Jessica Malaty Rivera is an infectious disease epidemiologist at the De Beaumont Foundation. In an interview held with PBS News on Jan. 6, 2023, she stated, “I think masks are a very important part of our Swiss cheese model of protection, right? It’s not one thing that’s going to completely eliminate risk. Risk is subjective and it is also additive, or prevention is additive.” The phrase “prevention is additive” is key. Masks are effective, they do work, and when I wear mine, I put it on to signal to others that I care about them and our health and safety. Disability rights activist Alice Wong is a supporter of masking, writing, “Masking does not need to be perfectly adhered to or universally enforced to be effective, a simple rule to remember is that more mask wearing = less virus in the air. And, less virus in the air = fewer chains of transmission.”

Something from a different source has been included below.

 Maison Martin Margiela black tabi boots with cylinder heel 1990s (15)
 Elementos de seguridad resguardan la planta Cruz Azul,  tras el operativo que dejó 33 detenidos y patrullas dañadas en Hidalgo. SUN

I write this not to moralize actions or shame people’s choices surrounding the pandemic, public health or safety. However, it is evident that the U.S. government does not have the interest of the most marginalized or the most vulnerable in mind. As I stated earlier, there is no concrete barrier that keeps us from becoming disabled. If you are thinking about masking, do it, and if you do not, I urge you to think about it.
If you need resources for where to find safe and authentic masks, Project N95 is a nonprofit organization that maintains a continuously updated and vetted list of protective and authentic masks with links to the third-party websites that provide them. Additionally, WellBefore is a site wherein you can directly purchase masks that are also protective and authentic, and the CDC has a web page that provides information for free high-quality masks.
Zoë Chapital, FCRH ’24, is an English major from Walnut Creek, Calif.